Brett Creeley posted 10 patches 1 year, 11 months ago
drivers/net/ethernet/amd/pds_core/adminq.c  |  74 +++++++----
drivers/net/ethernet/amd/pds_core/core.c    | 130 ++++++++++++--------
drivers/net/ethernet/amd/pds_core/core.h    |   3 +-
drivers/net/ethernet/amd/pds_core/debugfs.c |  12 +-
drivers/net/ethernet/amd/pds_core/dev.c     |  30 +++--
drivers/net/ethernet/amd/pds_core/devlink.c |   3 +-
drivers/net/ethernet/amd/pds_core/fw.c      |   3 +
drivers/net/ethernet/amd/pds_core/main.c    |  26 +++-
8 files changed, 187 insertions(+), 94 deletions(-)
[PATCH v2 net-next 0/10] pds_core: Various improvements and AQ race condition cleanup
Posted by Brett Creeley 1 year, 11 months ago
This series includes the following changes:

There can be many users of the pds_core's adminq.
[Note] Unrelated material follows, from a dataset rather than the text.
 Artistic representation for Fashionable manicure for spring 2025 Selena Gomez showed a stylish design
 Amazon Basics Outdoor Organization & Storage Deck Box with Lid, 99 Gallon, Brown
This includes
pds_core's uses and any clients that depend on it. When the pds_core
device goes through a reset for any reason the adminq is freed
and reconfigured. There are some gaps in the current implementation
that will cause crashes during reset if any of the previously mentioned
users of the adminq attempt to use it after it's been freed.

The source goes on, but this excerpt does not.